Closeness Centrality
Glossary
- Directed
-
Directed trait. The algorithm is well-defined on a directed graph.
- Directed
-
Directed trait. The algorithm ignores the direction of the graph.
- Directed
-
Directed trait. The algorithm does not run on a directed graph.
- Undirected
-
Undirected trait. The algorithm is well-defined on an undirected graph.
- Undirected
-
Undirected trait. The algorithm ignores the undirectedness of the graph.
- Heterogeneous nodes
-
Heterogeneous nodes fully supported. The algorithm has the ability to distinguish between nodes of different types.
- Heterogeneous nodes
-
Heterogeneous nodes allowed. The algorithm treats all selected nodes similarly regardless of their label.
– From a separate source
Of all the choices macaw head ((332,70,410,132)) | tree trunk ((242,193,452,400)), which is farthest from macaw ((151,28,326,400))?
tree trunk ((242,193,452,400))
- Heterogeneous relationships
-
Heterogeneous relationships fully supported. The algorithm has the ability to distinguish between relationships of different types.
- Heterogeneous relationships
-
Heterogeneous relationships allowed. The algorithm treats all selected relationships similarly regardless of their type.
- Weighted relationships
-
Weighted trait. The algorithm supports a relationship property to be used as weight, specified via the relationshipWeightProperty configuration parameter.
- Weighted relationships
-
Weighted trait. The algorithm treats each relationship as equally important, discarding the value of any relationship weight.
Introduction
Closeness centrality is a way of detecting nodes that are able to spread information very efficiently through a graph.
The closeness centrality of a node measures its average farness (inverse distance) to all other nodes. Nodes with a high closeness score have the shortest distances to all other nodes.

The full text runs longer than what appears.